14
Data and Alpha Design

By Weijia Li

Data plays a central role in alpha design. First, we need the basic data to run a simulation. Basic data means the stock price and volume of a security. No matter what kind of alpha idea you want to backtest, you need these basic data to calculate statistics like return, Sharpe, and turnover, etc. Without these statistics, we will never know if an alpha idea is good or not. Second, data itself can inspire alpha ideas. For example, you can plot the price/volume data for some stocks and check if there is any repeating pattern in history. You can do technical analysis with the price/volume data, etc. If you have access to company earnings data, one natural idea would be to trade stocks based on company earnings.

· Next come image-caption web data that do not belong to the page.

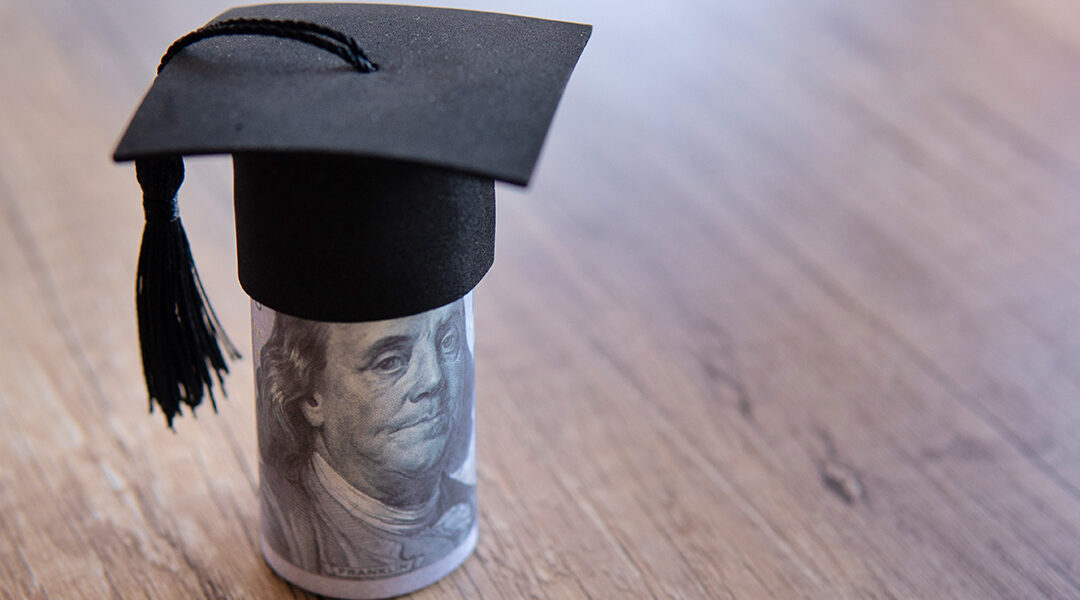 Closeup image of graduation cap and money on table.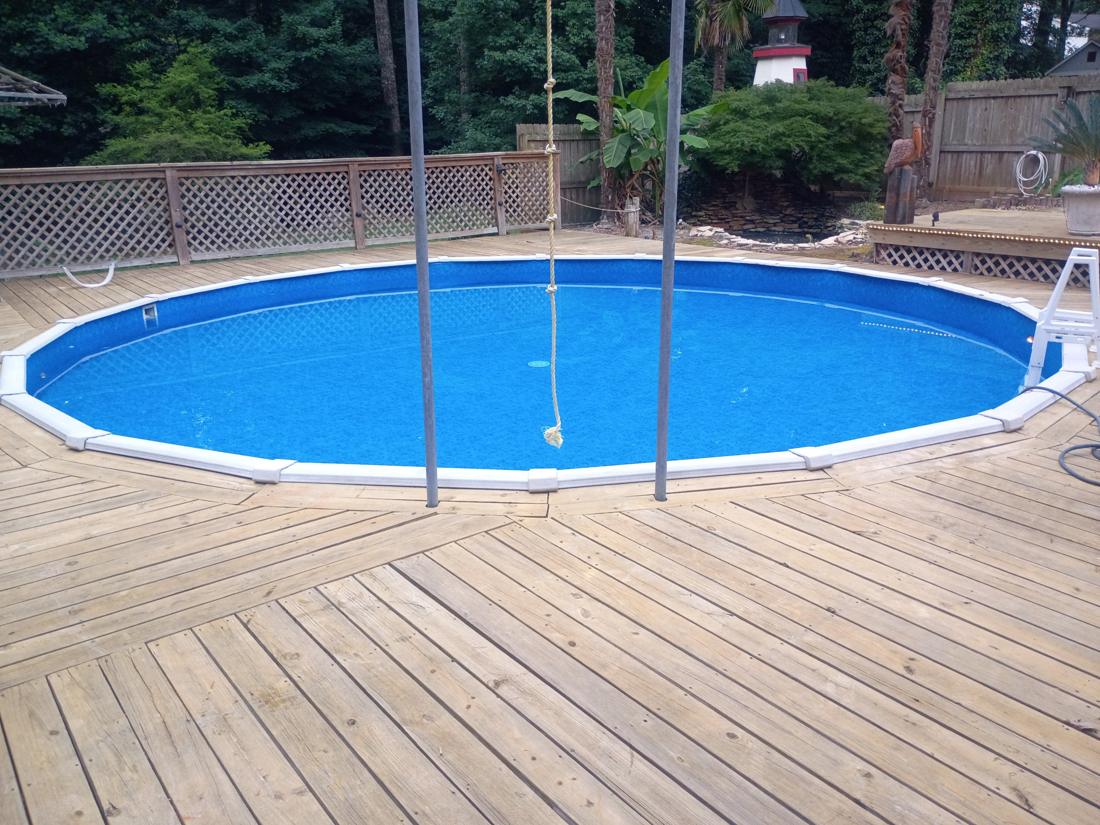 Finished round pool with new liner, top rails back on, set in the deck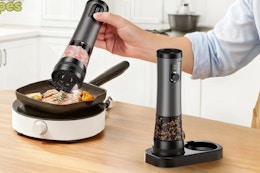 salt being poured on food in skillet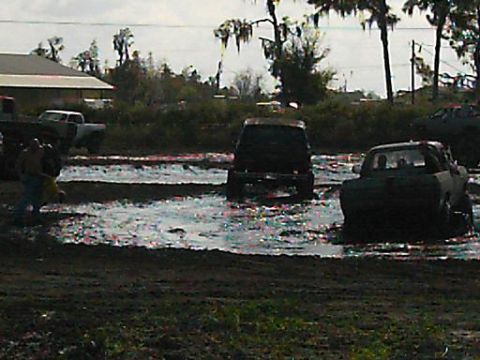1986 Ford Bronco - Multiple vehicles are stuck in a mud bog under a cloudy sky.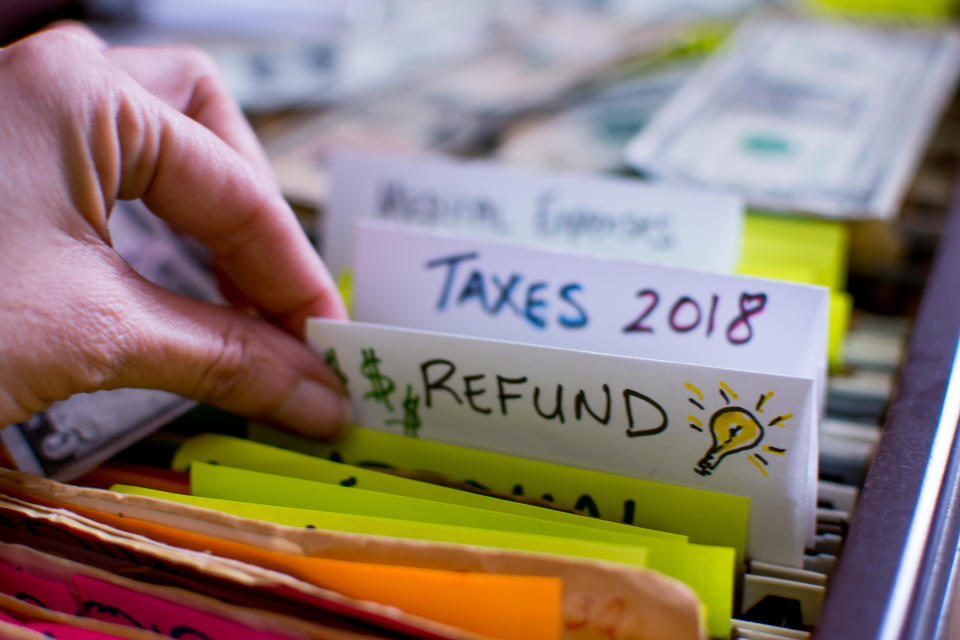 Hand pulling out file in filing cabinet with tax forms and papers with words Refund and Taxes 2018 handwritten on file folder conceptual dollar signs images and light bulb for ideas on tax refund conceptual financial planning photography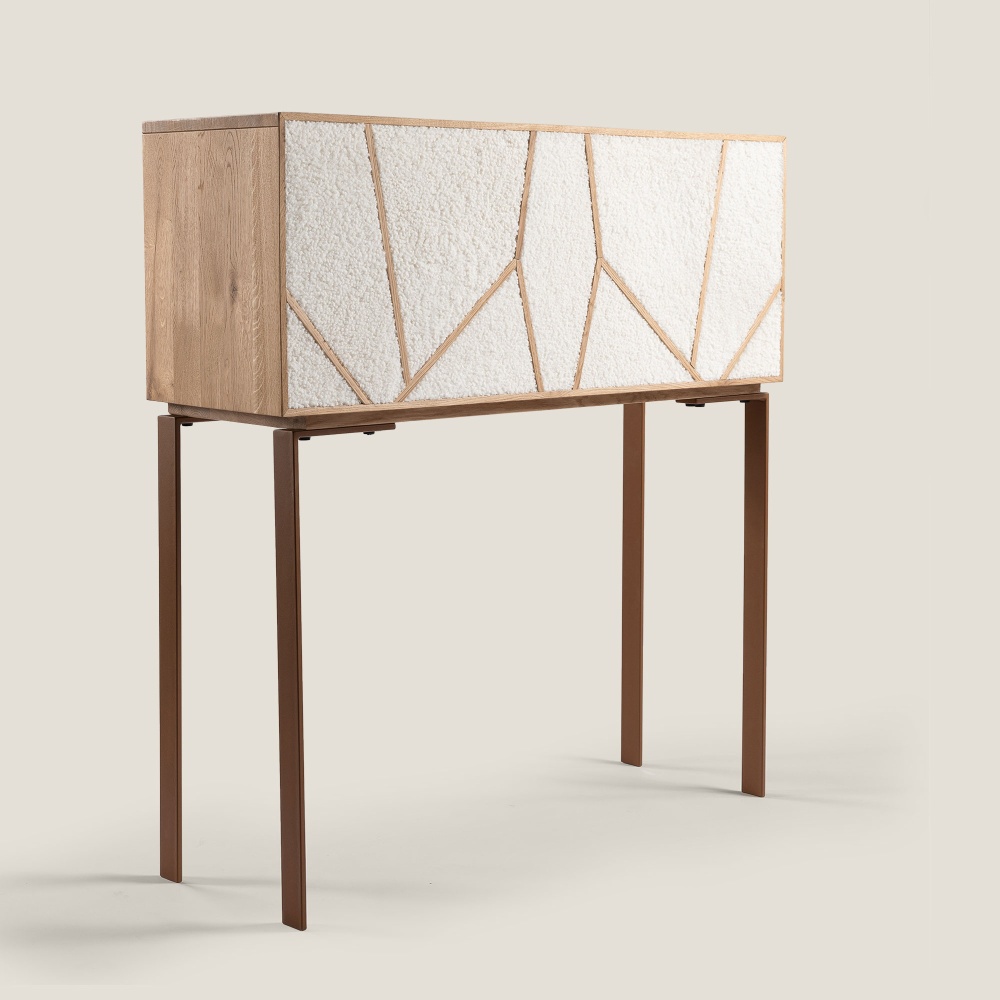 Luxurious contemporary designer furniture in solid wood supported by thin Corten steel legs.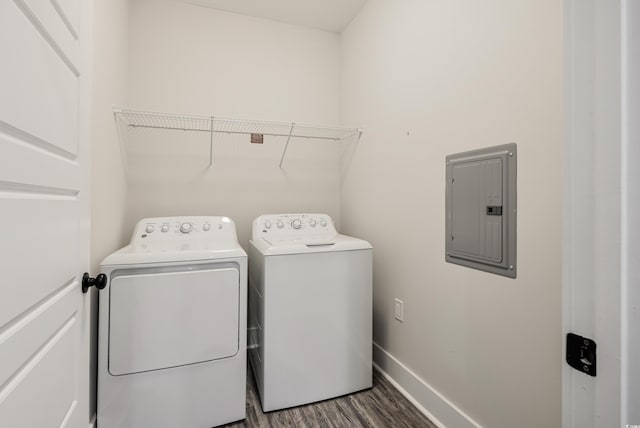 washroom with dark hardwood / wood-style flooring, washing machine and dryer, and electric panel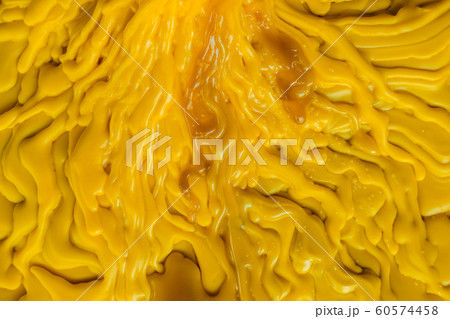 Top view of the candle melts droplets dissolve in yellow from lighted candlestick on the floor Top view of the candle melts droplets dissolve in yellow from lighted candlestick on the floor 60574458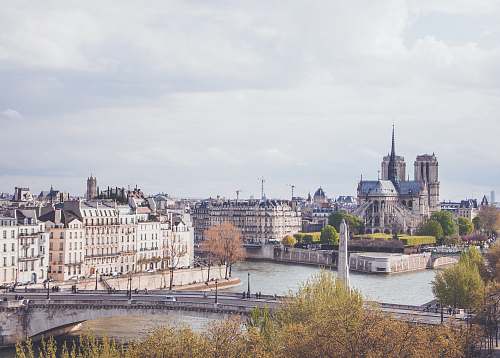 building city scale under white sky at daytime paris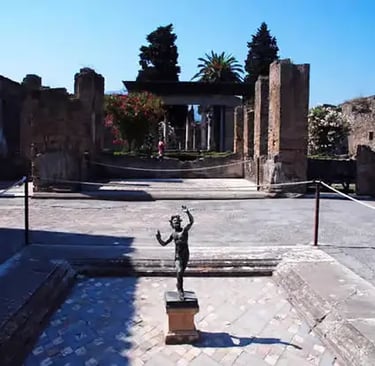 Bronze dancing faun statue in the courtyard of the House of the Faun, Pompeii ruins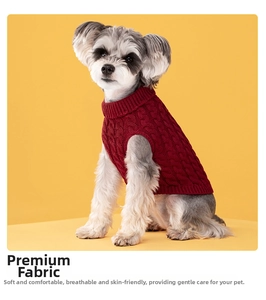 Close-up detail of red cable-knit pet sweater showing high-neck sleeveless texture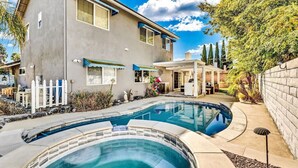 A house with a swimming pool, a patio, and a small outdoor kitchen.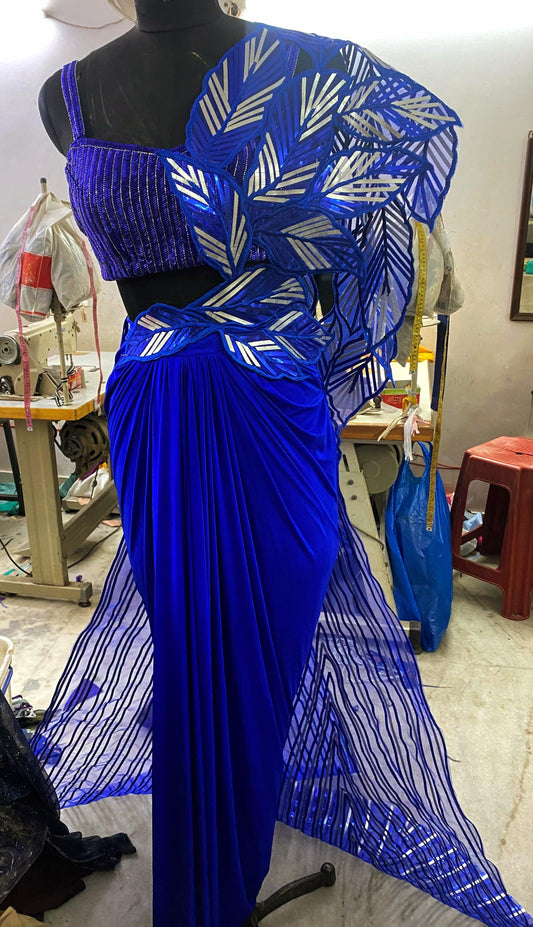 An electric blue dramatic saree - Nishi Madaan Label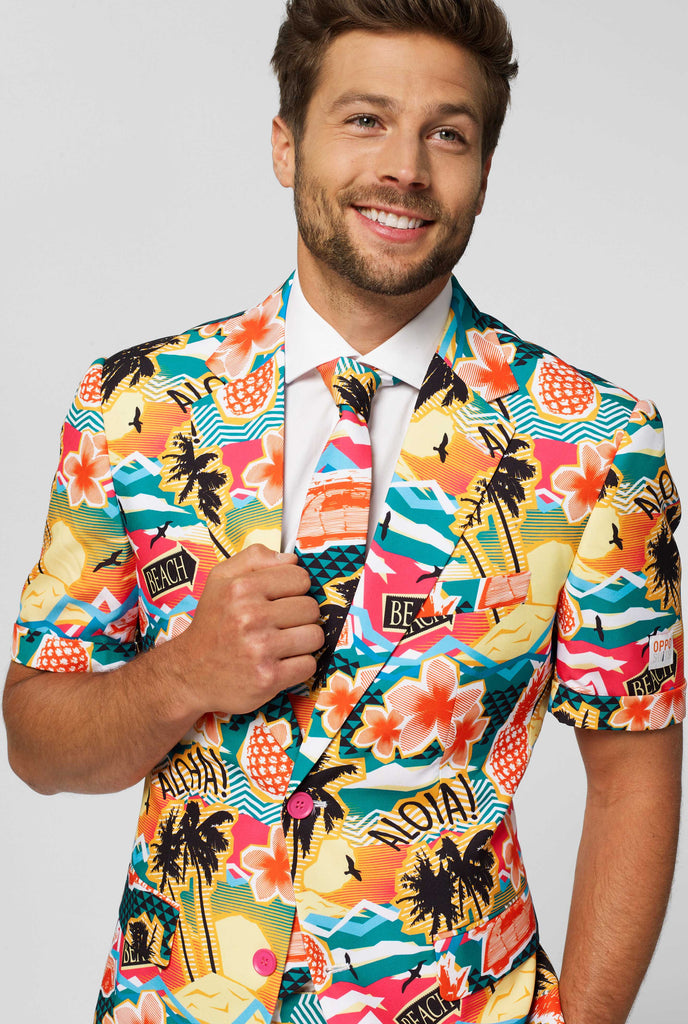 Man wearing colorful Hawaiian print summer suit, consisting of short, jacket and tie, close up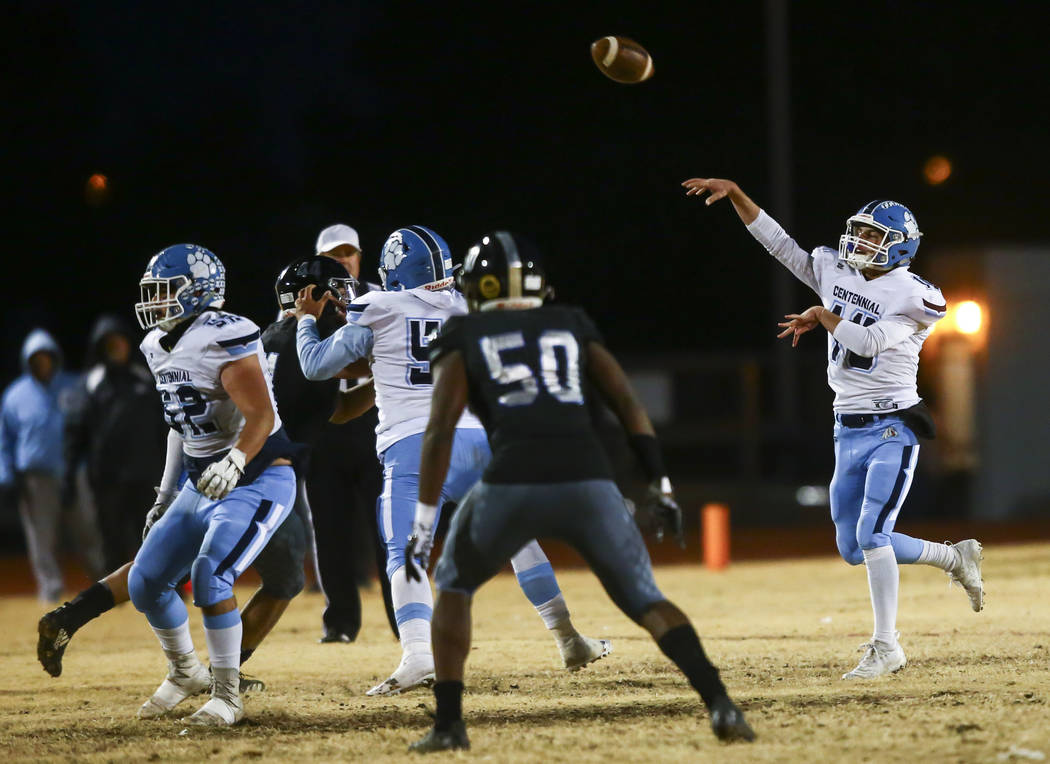 Centennial's Colton Tenney (10) throws a pass during the first half of a Class 4A football stat ...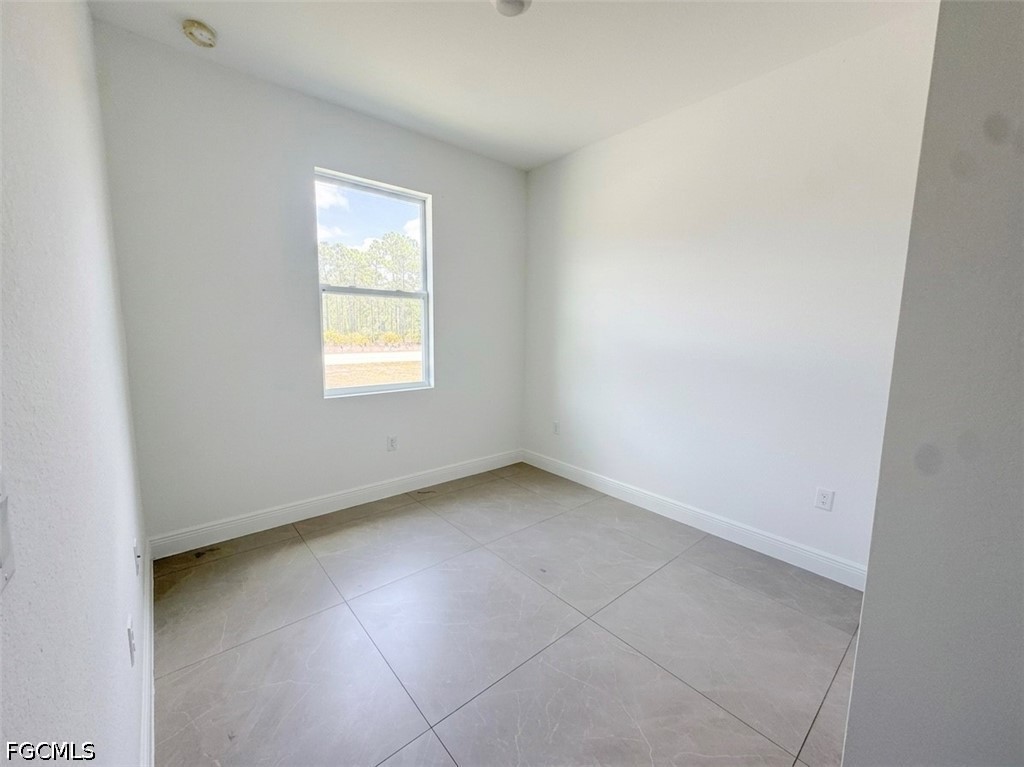 8753 Buckingham Road Lehigh Acres, FL 33971 - Photo 6 of 13 an empty room with a window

HOW WE FIND DATA FOR ALPHA

Finding new data has always been a critical skill for an alpha researcher. People always prefer good performance and low correlated alphas. A new dataset can serve both purposes. Sometimes we can get signals from one set of data. The signals may not be strong enough even after we try our best to improve them. Now if we can get another set of data and look at companies from a different angle, we may improve the original signals and make them better. We always want to create uncorrelated alphas to diversify the alpha pool. However, even when the alpha ideas are different, sometimes alpha signals from the same dataset can still be highly correlated. There is an intrinsic correlation between the signals due to the usage of the same data. If we have a new dataset, the ideas inspired by the data set will be new. The way of using the new dataset will be new. Most likely, the alpha signals found in the new dataset will have a low correlation to signals that are based on different data. By using new data, we may achieve both performance improvement and diversification.

Data from Literature

It is nice to have new data to make new alphas. However, how can we get new data? Actually, for this alpha hunting quest, if you find the proper, relevant data, you are half-way through. There are different sources of new data. The most common source is from academic literature. As we mentioned, data is usually associated with alpha ideas. If we search “stock return” on the internet, we will find thousands of papers that are trying to capture the “abnormal return” (i.e. the alpha). In those papers we will learn about all kinds of data used in their studies: price/volume, fundamental, earnings, etc. Once we get the data, of course, we can try the same method in the paper to develop the alpha. You can also acquire some data information by surfing for publicly available content on the internet. However, the less well known the data, the more valuable it can be. If the data is well known and widely available to the public, then many people will have similar alpha models, which will arbitrage the alpha (i.e. abnormal return) away gradually. There still is a possibility that even if the data is popular, no one has applied it to price prediction, so the data still has utility.

Data from Vendors

Data is valuable information, so providing data is also a business. There are lots of data vendors that specialize in collecting, parsing, processing, and delivering data. Sometimes if the data is simple, data vendors may provide only the raw data they collected (e.g. price/volume data). Sometimes vendors can do some parsing and processing before providing the data to their clients. Fundamental data is an example of such data. For unstructured yet sophisticated data such as news, tweets, and so on, vendors would apply natural language processing techniques to analyze the content of the raw data. They will provide machine-readable data to their clients instead of the raw data that is only human readable. Vendors can even sell some alpha models directly. That means the data itself is the output of some alpha models. The clients need only to load the data and trade according to it.

DATA VALIDATION

Whenever we – as alpha researchers – get new data, the first thing we need to do is not to test alpha signals on it, but instead check the data usability. In alpha simulation, data delivery time is a very important factor. For any piece of data, if it is not associated with a timestamp, it is useless. This is because without knowing the time a data point is created, we cannot effectively chart its progression; we would essentially be using the data blindly. Only with the correct timestamp can we do simulation correctly. If we attempt to use the data when it is actually unavailable, we will have forward-looking bias and it will make the alpha performance look amazing. If we do not use the data in time, the alpha performance will not be as good as it should be, and we will be leaving money on the table. For example, if AAPL’s earnings exceeded expectations, its stock price would most likely increase, all other things equal, and it would be a good time to buy at the time of such an announcement. If, however, we waited a week to buy AAPL, we would not be able to realize those gains because the “good” news will have already been priced into the stock. So, for every dataset we want to use in alpha research, we need to learn about the data delivery timeline and make sure we only access the data when it is available. As a result, we can make sure we do not have forward-looking bias and get meaningful simulation results. Besides, we need to make sure the data can support alpha production, which means the data will be generated in the future following some time schedule. Sometimes the data producer may cease to generate the data. In this case, the data is not usable for alpha because there is nothing left to provide data in real time for use in the alphas.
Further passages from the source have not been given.